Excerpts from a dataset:
┌──
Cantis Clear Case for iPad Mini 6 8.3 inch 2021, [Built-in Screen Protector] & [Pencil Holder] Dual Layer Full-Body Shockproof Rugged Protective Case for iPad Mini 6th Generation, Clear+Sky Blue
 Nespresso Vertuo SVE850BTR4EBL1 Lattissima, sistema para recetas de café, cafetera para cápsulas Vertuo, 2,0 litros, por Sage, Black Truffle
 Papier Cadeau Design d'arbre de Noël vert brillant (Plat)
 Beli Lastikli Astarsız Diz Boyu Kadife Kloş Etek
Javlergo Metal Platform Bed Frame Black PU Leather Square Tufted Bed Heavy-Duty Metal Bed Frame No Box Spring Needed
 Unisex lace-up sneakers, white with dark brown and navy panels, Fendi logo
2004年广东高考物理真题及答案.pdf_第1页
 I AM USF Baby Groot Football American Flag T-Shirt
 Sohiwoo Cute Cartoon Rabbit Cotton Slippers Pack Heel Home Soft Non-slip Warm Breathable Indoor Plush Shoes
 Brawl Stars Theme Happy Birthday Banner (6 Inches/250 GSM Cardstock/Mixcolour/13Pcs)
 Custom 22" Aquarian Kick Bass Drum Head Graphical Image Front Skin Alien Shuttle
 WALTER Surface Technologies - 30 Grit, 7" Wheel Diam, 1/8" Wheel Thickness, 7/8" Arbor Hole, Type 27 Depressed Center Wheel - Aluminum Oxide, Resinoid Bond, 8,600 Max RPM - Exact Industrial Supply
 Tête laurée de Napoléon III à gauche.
└──
> ASSIGNMENT: Take the entries above and repeat them. Alter nothing.

> REPLY:
Cantis Clear Case for iPad Mini 6 8.3 inch 2021, [Built-in Screen Protector] & [Pencil Holder] Dual Layer Full-Body Shockproof Rugged Protective Case for iPad Mini 6th Generation, Clear+Sky Blue
 Nespresso Vertuo SVE850BTR4EBL1 Lattissima, sistema para recetas de café, cafetera para cápsulas Vertuo, 2,0 litros, por Sage, Black Truffle
 Papier Cadeau Design d'arbre de Noël vert brillant (Plat)
 Beli Lastikli Astarsız Diz Boyu Kadife Kloş Etek
Javlergo Metal Platform Bed Frame Black PU Leather Square Tufted Bed Heavy-Duty Metal Bed Frame No Box Spring Needed
 Unisex lace-up sneakers, white with dark brown and navy panels, Fendi logo
2004年广东高考物理真题及答案.pdf_第1页
 I AM USF Baby Groot Football American Flag T-Shirt
 Sohiwoo Cute Cartoon Rabbit Cotton Slippers Pack Heel Home Soft Non-slip Warm Breathable Indoor Plush Shoes
 Brawl Stars Theme Happy Birthday Banner (6 Inches/250 GSM Cardstock/Mixcolour/13Pcs)
 Custom 22" Aquarian Kick Bass Drum Head Graphical Image Front Skin Alien Shuttle
 WALTER Surface Technologies - 30 Grit, 7" Wheel Diam, 1/8" Wheel Thickness, 7/8" Arbor Hole, Type 27 Depressed Center Wheel - Aluminum Oxide, Resinoid Bond, 8,600 Max RPM - Exact Industrial Supply
 Tête laurée de Napoléon III à gauche.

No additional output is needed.